--- DATA SHOWN Enclosed Below ---

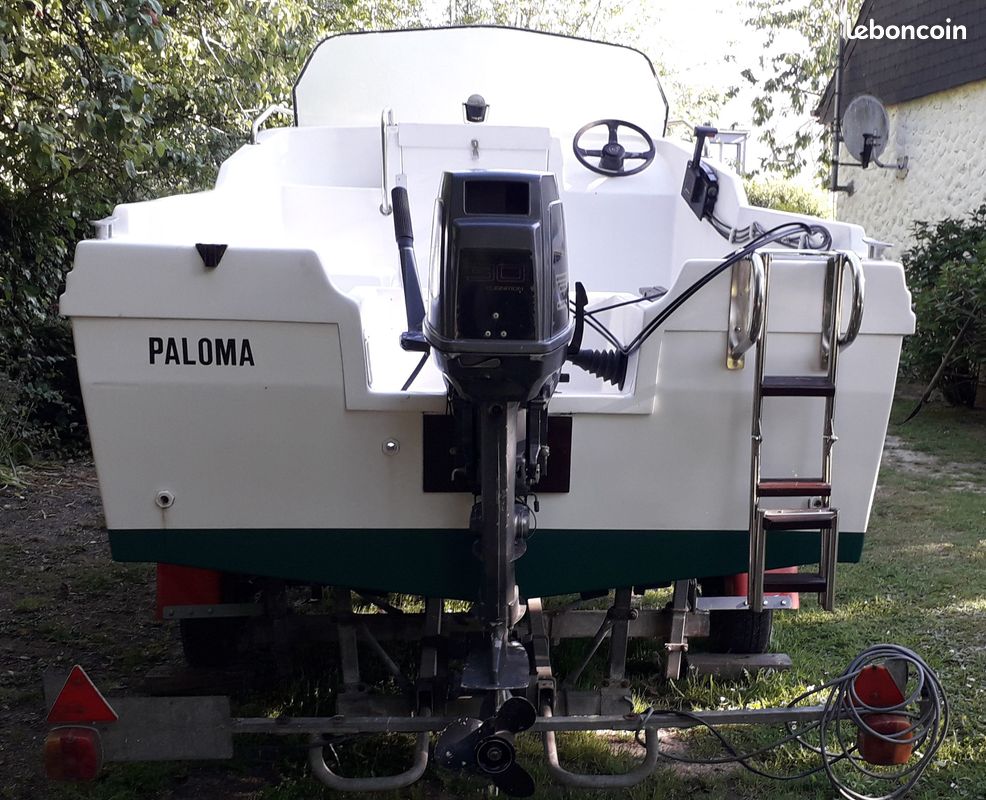 Bateau moteur + remorque (image 3)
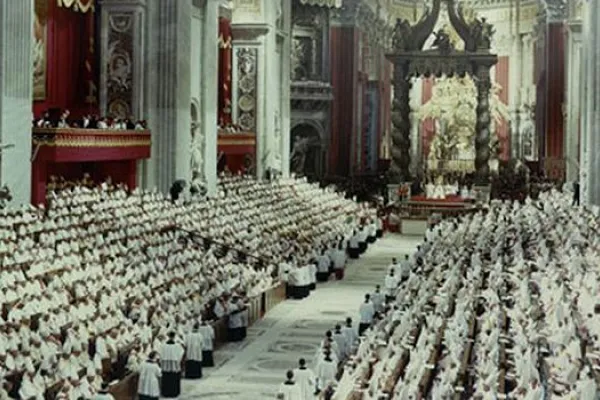 Una assise del Concilio Vaticano II, spartiacque che ha segnato la scomparsa di alcuni riti / PD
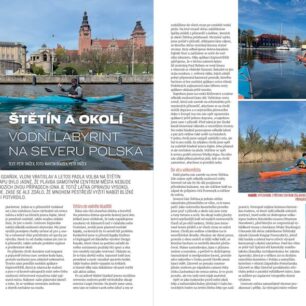 Štětín a okolí na kajaku.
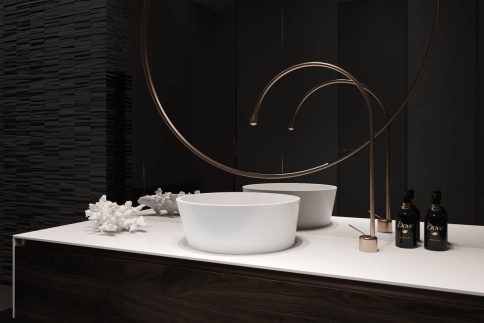 1.02.002.11.3 ALMATEA Раковина 42х42 Soft Rock Color палитра RAL HOLBI фото 3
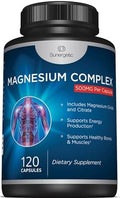 Premium Magnesium Citrate Capsules Powerful 500mg Magnesium Oxide and Citrate Supplement Helps Support Healthy Bones Muscles Teeth Energy and Relaxation 120 Vegetable Capsules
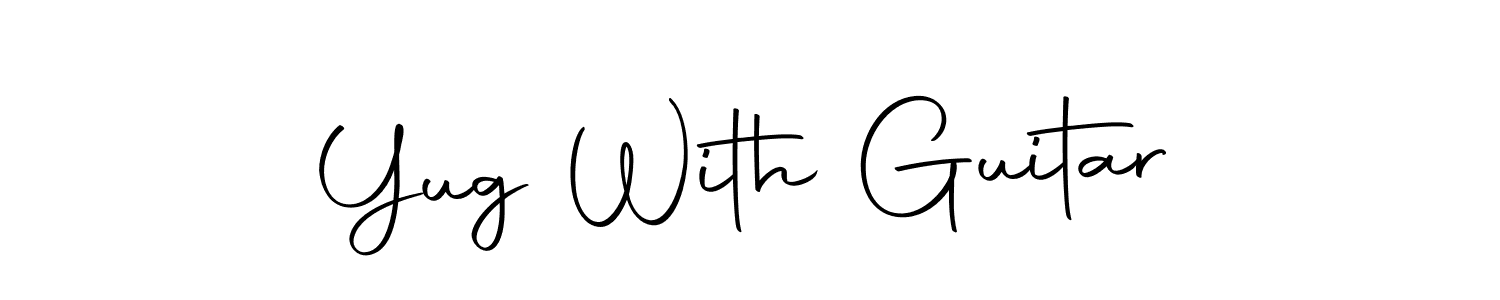 The best way (Autography-DOLnW) to make a short signature is to pick only two or three words in your name. The name Yug With Guitar include a total of six letters. For converting this name. Yug With Guitar signature style 10 images and pictures png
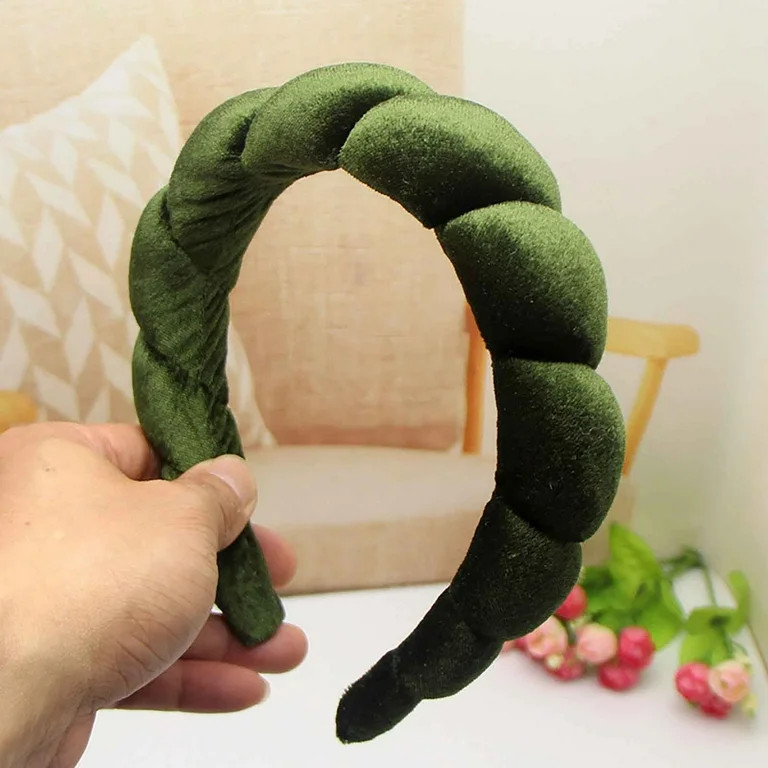 Women's Spa Headband Sponge And Towel Cloth Hair Band For Face Wash, Makeup Removal, Shower And S... | Walmart (US)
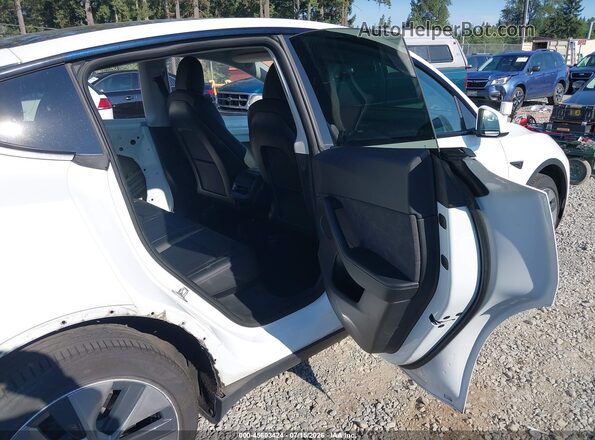 7SAYGDEE5NF428622 2022 TESLA MODEL Y White Вид наклейки з VIN-кодом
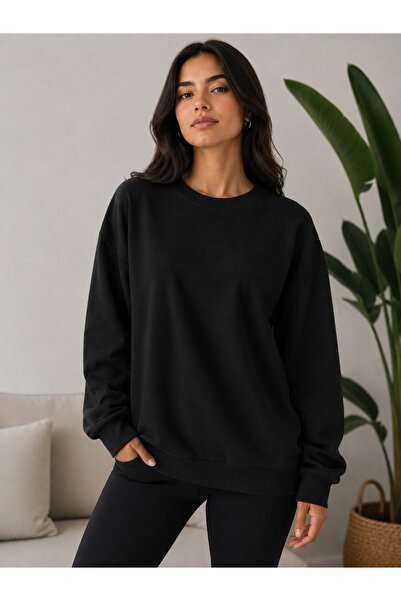 herkesemoda Seasonal Crew Neck Sweatshirt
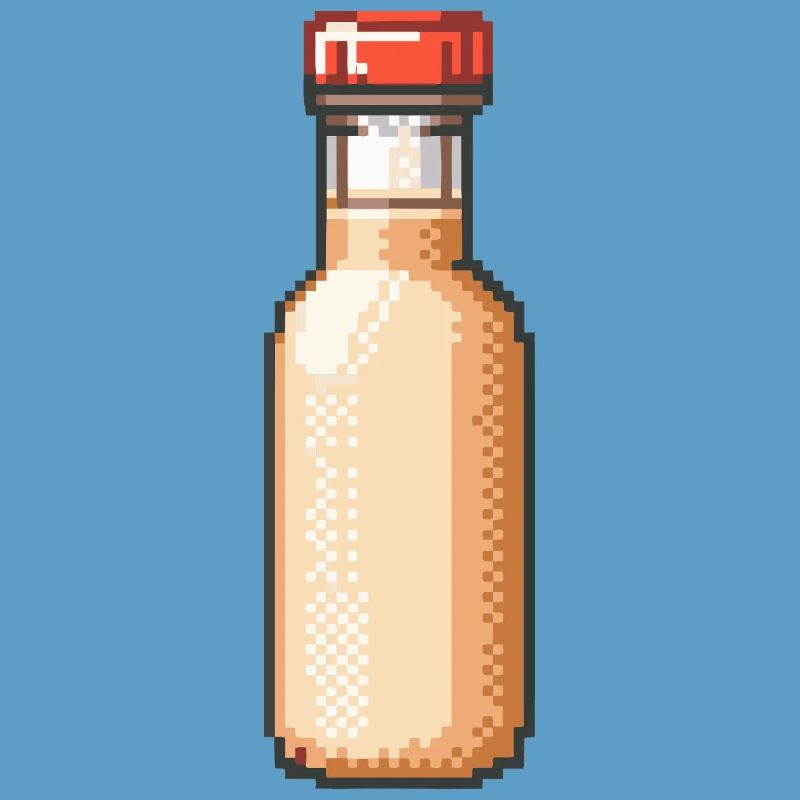 Bouteille de potion Pixel Art Vintage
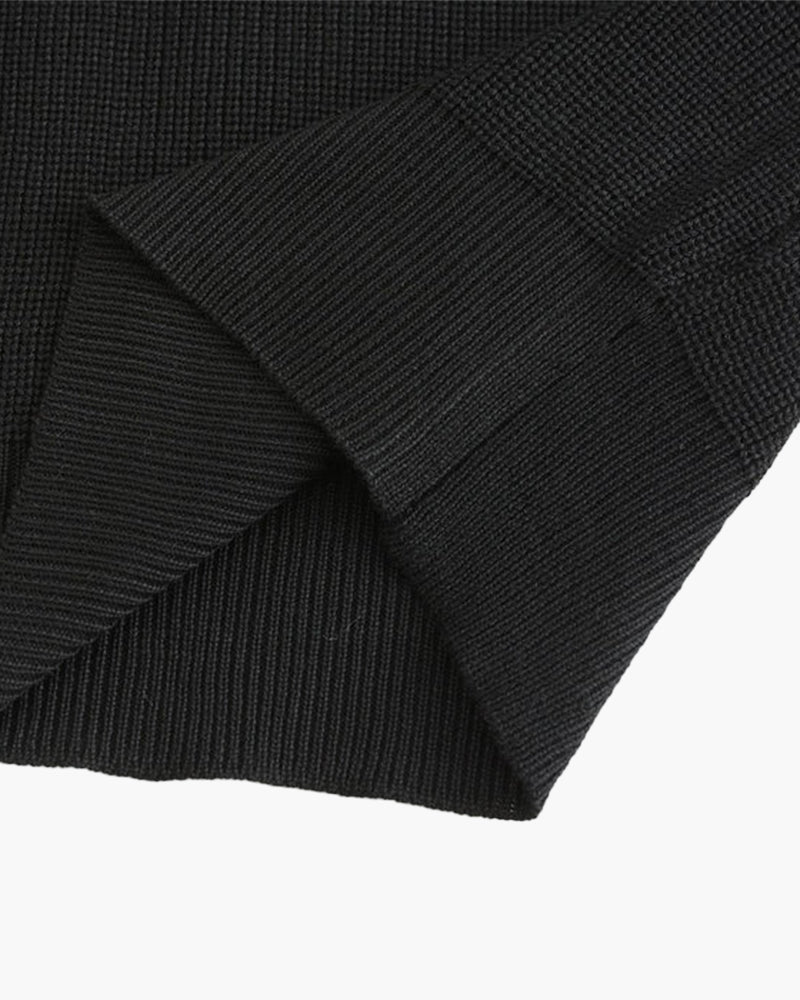 Milan | Knitted Zip Polo Sweater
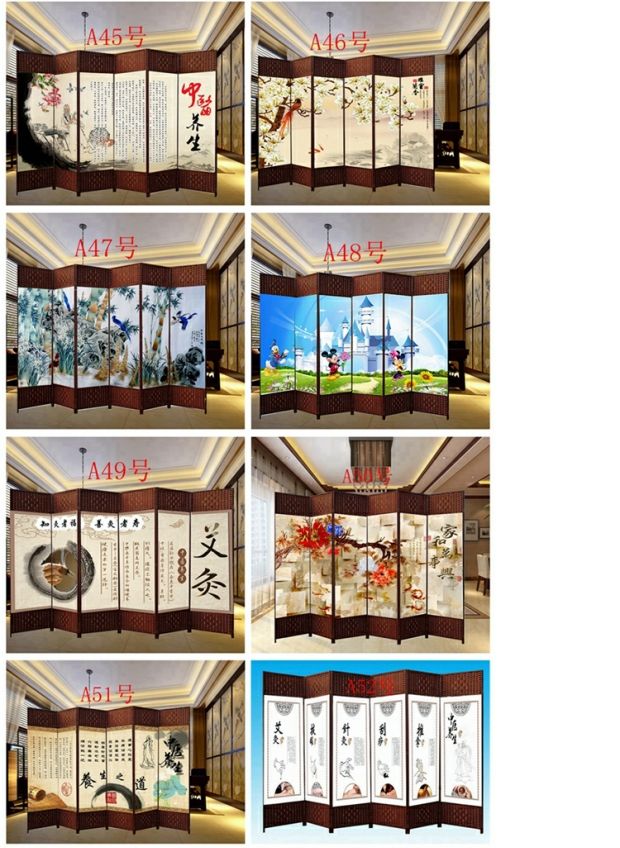 Màn hình vách ngăn thời trang gỗ rắn màn hình vải không thấm nước màn hình phòng khách phòng ngủ gấp màn hình hiên Trung Quốc hiện đại tối giản - Màn hình / Cửa sổ tấm bình phong bằng vải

--- End of Enclosed DATA SHOWN ---

Your answer should consist of the lines above between those holding "Štětín a okolí na kajaku." and "Premium Magnesium Citrate", inclusive, reproduced word for word and without pictures.

 Štětín a okolí na kajaku.
 1.02.002.11.3 ALMATEA Раковина 42х42 Soft Rock Color палитра RAL HOLBI фото 3
 Premium Magnesium Citrate Capsules Powerful 500mg Magnesium Oxide and Citrate Supplement Helps Support Healthy Bones Muscles Teeth Energy and Relaxation 120 Vegetable Capsules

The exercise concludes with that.